After my mum died, since my entire world shifted in the instant between breath and no-breath, I decided it would be a good time to Create New Patterns. Go me! Well, not so go me when what I attempted was a total change all at once. Yes. I know.
Except in this case I didn't know, or didn't know better. Or something. I suppose on some level my mum's death was so transformative I found comfort in the idea of total transformation. Head to toe, front to back, inside to outside and vice-versa, left to right and right to wrong. ~sigh~ Yes, I know.
I'm not certain if the patterns I've been trying to create are useful or effective because too much too soon muddies things terribly. And I didn't only do this in my spiritual life. Oh no. I was full steam in all mundane things, also.
I took a week off of work. I was organized in my head! I had plans! I knew how how much I could accomplish at my and my mum's houses if I bent my shoulder and charged ahead! I painted the other 3 walls in my future altar room! I bought my supplies for the image I want on the one wall!

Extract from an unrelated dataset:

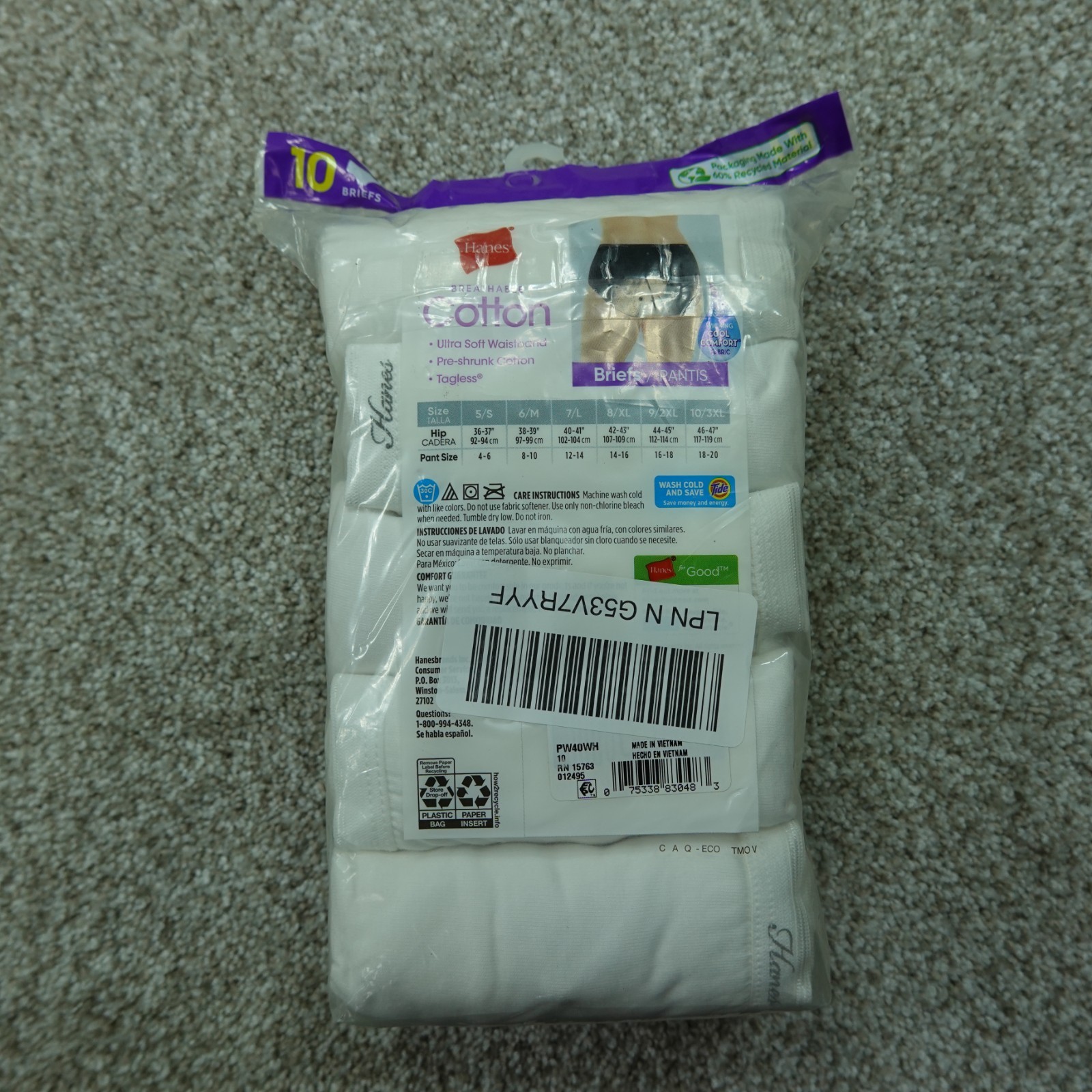 Hanes Underwear Womens 10 3XL White Briefs Breathable Cotton 10 Pairs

I had a late start because my grandson was sick and so I had to back up for lost time, but I had a handle on it, yes! I! Did! Yes I know.
I paused. I could feel myself breaking, my patterns breaking, my will breaking, my desire to even put forth any effort breaking. And, it was a good thing. I listened to my spirit instead of my head. I heard my still voice climbing up through my grief voice. So I stopped. No more packing, sorting, painting, thinking. I have had no time off where I wasn't caretaking my mum or planning her funeral, or grieving. Hell, the funeral was the last time I took off of work. So this past week, I took off from most everything.
It was freeing and relaxing and renewing in a manner I'd not felt in a very long time. Some patterns I will keep - healtheir eating some of the time, better sleeping most of the time, and I will create more new patterns. Here and there, a bit at a time - one word becomes a sentence is a paragraph to a chapter in a book of one year of my life. Slowing down leads to picking up speed, ironically. YesIknow.